Tuttavia il rischio che la torre risulti comunque danneggiata è forte. Il 13 agosto, Oktay Özel, direttore dei progetti culturali per il Comune di Istanbul, ha dichiarato al quotidiano Milliyet che le vibrazioni dei martelli pneumatici potrebbero compromettere lo stato di conservazione della torre, dato che sono un mezzo del tutto inadatto per un edificio storico. Sempre il 13 agosto, un parlamentare dell’opposizione, Turan Aydogan, ha portato il caso in Parlamento ricordando che diversi siti in Turchia hanno subito danni irreparabili proprio in occasione di “restauri”: e uno di questi precedenti ha anch’esso a che fare con la storia di Genova nel Mediterraneo. Si tratta della fortezza genovese sull’isola di Ocakli, un sito in rovina, il cui aspetto è stato però completamente stravolto dai restauri, sfigurato al punto da rendere irriconoscibile l’antica costruzione (ne avevamo parlato anche su Finestre sull’Arte).

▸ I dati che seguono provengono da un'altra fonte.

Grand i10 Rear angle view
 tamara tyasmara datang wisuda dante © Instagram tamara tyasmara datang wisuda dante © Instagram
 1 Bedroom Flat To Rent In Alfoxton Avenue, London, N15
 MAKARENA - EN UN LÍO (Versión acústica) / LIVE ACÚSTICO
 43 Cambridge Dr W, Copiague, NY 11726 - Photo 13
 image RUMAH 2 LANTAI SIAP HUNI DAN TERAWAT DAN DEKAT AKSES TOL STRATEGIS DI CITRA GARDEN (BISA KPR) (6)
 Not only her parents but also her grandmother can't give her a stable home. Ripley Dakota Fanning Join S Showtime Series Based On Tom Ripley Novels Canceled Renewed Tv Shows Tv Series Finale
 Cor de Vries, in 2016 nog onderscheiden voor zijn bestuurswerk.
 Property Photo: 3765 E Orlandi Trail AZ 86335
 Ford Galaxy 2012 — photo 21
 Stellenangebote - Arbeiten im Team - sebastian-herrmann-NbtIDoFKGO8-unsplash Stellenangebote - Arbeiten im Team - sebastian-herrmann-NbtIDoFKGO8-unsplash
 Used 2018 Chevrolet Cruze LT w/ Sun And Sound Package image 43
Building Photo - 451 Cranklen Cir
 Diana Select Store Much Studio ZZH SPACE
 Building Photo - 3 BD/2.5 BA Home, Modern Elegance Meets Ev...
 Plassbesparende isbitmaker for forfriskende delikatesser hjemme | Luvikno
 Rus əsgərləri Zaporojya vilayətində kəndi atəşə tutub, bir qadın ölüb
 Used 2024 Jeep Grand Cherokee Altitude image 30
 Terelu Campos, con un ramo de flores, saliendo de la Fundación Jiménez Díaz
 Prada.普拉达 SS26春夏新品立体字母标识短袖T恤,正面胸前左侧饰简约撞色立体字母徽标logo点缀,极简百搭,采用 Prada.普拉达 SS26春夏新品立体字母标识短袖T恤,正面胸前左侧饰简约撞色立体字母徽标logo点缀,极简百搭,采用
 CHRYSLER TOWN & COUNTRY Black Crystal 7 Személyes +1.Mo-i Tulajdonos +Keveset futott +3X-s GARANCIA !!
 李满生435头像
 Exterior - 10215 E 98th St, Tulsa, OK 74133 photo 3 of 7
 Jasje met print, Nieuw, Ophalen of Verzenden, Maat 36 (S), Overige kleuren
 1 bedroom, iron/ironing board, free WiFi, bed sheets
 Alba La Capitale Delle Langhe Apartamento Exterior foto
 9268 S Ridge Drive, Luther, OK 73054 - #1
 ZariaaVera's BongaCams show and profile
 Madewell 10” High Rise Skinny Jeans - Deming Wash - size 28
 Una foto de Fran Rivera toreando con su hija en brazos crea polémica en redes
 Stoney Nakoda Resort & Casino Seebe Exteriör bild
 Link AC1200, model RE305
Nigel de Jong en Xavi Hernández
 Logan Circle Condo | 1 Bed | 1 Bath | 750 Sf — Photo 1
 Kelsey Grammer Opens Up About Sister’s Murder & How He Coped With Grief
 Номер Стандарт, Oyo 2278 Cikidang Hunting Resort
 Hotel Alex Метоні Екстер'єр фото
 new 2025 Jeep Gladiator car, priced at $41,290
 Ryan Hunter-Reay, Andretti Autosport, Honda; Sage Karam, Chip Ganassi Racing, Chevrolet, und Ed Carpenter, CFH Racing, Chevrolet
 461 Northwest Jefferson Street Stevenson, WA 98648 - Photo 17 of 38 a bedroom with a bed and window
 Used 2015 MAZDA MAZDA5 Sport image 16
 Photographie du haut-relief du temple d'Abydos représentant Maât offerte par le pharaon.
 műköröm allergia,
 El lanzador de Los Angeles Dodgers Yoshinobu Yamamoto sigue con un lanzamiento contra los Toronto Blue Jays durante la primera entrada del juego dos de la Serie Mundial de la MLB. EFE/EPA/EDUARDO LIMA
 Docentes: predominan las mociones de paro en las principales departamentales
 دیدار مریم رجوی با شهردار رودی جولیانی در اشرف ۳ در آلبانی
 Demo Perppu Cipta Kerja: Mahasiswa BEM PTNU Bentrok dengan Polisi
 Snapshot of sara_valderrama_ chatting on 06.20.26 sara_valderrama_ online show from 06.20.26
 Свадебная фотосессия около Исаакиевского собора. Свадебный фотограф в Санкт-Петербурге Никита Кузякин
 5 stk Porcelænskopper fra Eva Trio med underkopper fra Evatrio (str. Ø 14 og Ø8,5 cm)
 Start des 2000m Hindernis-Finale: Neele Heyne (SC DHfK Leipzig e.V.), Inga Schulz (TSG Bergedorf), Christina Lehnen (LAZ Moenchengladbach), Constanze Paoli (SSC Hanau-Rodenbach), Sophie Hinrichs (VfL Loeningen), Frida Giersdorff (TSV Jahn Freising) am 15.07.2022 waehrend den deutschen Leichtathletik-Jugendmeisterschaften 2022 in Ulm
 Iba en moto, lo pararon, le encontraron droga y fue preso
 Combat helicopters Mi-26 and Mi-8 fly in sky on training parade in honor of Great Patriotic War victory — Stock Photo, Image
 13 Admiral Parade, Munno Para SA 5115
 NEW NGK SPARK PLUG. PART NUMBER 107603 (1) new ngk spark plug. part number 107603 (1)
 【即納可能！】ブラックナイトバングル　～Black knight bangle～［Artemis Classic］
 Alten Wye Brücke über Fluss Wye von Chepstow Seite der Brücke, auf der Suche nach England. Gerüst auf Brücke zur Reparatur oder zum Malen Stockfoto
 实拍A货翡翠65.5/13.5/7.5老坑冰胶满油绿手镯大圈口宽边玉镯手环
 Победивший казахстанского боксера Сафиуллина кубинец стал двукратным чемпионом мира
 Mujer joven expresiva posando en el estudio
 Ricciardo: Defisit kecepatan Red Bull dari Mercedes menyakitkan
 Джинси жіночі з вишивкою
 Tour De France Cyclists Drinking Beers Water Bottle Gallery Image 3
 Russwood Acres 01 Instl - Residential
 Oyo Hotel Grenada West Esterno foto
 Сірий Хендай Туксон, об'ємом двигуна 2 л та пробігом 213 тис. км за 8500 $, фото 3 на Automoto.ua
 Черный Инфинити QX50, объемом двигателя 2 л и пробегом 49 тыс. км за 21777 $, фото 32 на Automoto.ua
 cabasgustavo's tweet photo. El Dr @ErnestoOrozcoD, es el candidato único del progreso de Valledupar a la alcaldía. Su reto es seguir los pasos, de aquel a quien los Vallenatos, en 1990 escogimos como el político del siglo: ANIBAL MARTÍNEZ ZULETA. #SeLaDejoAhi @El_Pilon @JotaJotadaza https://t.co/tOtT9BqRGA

In Italia la notizia è passata sostanzialmente inosservata: l’unico giornale che se n’è occupato è stato finora Il Secolo XIX di Genova, in un articolo firmato dallo storico dell’arte Giacomo Montanari, che condanna “l’atto vandalico perpetrato ai danni della Torre di Galata”, e lo definisce “un attentato alle radici culturali dell’Europa tutta, uno sfregio a un monumento unico al mondo e che (sperando che questa scellerata operazione non prosegua oltre) certamente non tornerà più così come i secoli ce lo avevano consegnato”. Senza la presenza di Genova nel Mediterraneo, “le grandi sculture classiche che adornarono durante il Rinascimento e le corti italiane, i codici greci che costellarono le biblioteche degli umanisti, le pietre preziose, i camei [...] non sarebbero giunti dall’Oriente, dal momento che viaggiarono su navi genovesi in un intrecciarsi di rotte, commerci, culture e ricchezze che ha costituito il mond oche oggi riteniamo patria culturale”. Ecco dunque perché questi lavori così devastanti sono anche un colpo alla storia dell’Italia e dell’Europa.